Chicago Police Department Superintendent David Brown recently fired Robert Boik, CPD's executive director of constitutional policing and reform. Boik was Brown's point man for keeping the department on course with implementing the consent decree, the 2019 court order that mapped out in painstaking detail how the city must reform its Police Department.

Boik's work was critical for two reasons. First, the consent decree isn't a set of suggestions or guidelines. It's a document with teeth. A federal judge enforces the consent decree's implementation, and won't free the city of its oversight until City Hall and CPD show they have carried out every reform.

Second, Chicago will never solve the chasm in trust between police and the city's largely Black and Hispanic communities on the South and West sides unless it puts real, long-lasting reforms into action. Over the decades, CPD has failed miserably in showing it can reform itself — it needs the consent decree as a blueprint, and as motivation.

Boik was fired after sending an e-mail to Brown about the superintendent's decision to move members of Boik's staff to patrol duty, the Tribune reported.
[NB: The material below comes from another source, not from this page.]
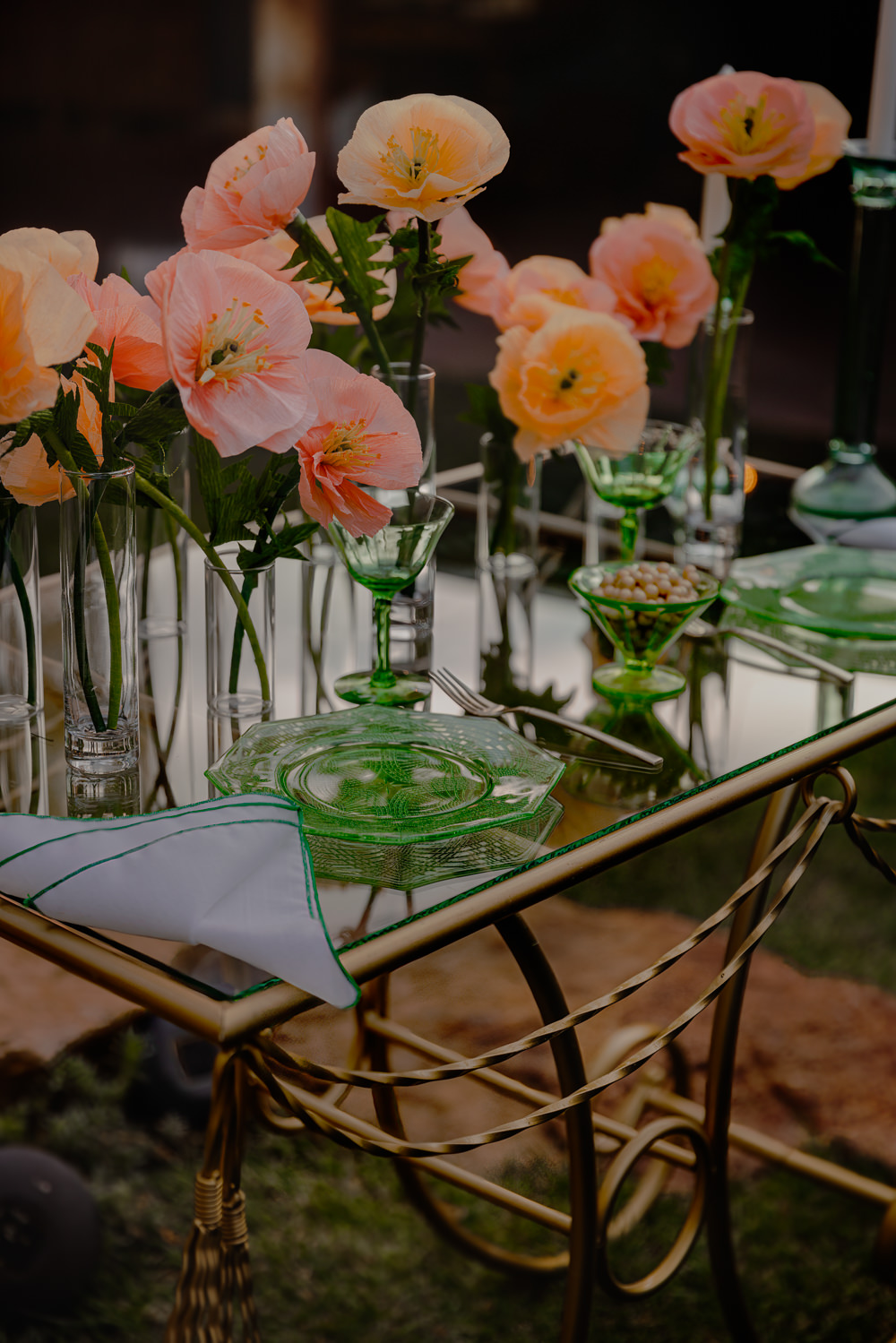 Green Table Glasses Decor Peach Poppies Paper Flowers Candles Centrepiece Wizard Oz Emerald City Wedding Claire Gutierrez Photography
Boik told Brown in the e-mail that the move would prevent the department from offering a gender-based violence course to officers this year, and set back CPD's crisis intervention training, an important aspect of consent decree-mandated reform.

"Beyond the consent decree requirement to train our frontline officers, we have a fundamental obligation to ensure all our officers are provided with equal tools to do their jobs in the field. With the proposed cuts, every single officer will fall short of 40 hours of training this year," Boik wrote in the e-mail.

He asked Brown to reverse the decision, and was let go, according to the Chicago Tribune, which also quoted the department as saying it "does not comment on personnel matters."

Last week, Mayor Lori Lightfoot downplayed Boik's firing, calling it "palace intrigue." She said every department needs to contribute resources to fight rising crime, particularly on CTA trains.

Lightfoot's right, especially when it comes to the CTA. A recent uptick in violent crime on CTA trains and platforms is becoming an existential crisis for the city's mass transit system, and beefing up patrols within the system is a common sense response.

But that cannot derail efforts to responsibly and comprehensively reform Chicago police through strict compliance with the consent decree.

Particularly alarming about Boik's termination is that it reminds us of other recent departures from the city payroll. When Susan Lee, Lightfoot's deputy mayor for public safety, left City Hall last year, she sent an email to two top mayoral aides expressing her concern that the mayor's administration was not devoting enough resources to "keep the ball moving forward" on consent decree implementation and violence prevention.

At about the same time Lee quit, Chad Williams, once the civilian commanding officer for CPD's audit division, resigned and told Lightfoot in an email that "the inability of this department's top leadership to even feign interest in pursuing reform in a meaningful manner has made it impossible for me to remain involved." Williams complained of the department's "check the boxes" approach that put up a facade of consent decree compliance.

Boik's firing sends the wrong message to rank and file police officers and to Chicagoans. That message: Police reform is getting in the way of keeping the streets safe.

The message that Lightfoot, Brown and the rest of CPD leadership should be sending officers and the rest of the city? Police reform is vital to the mission of keeping the streets safe.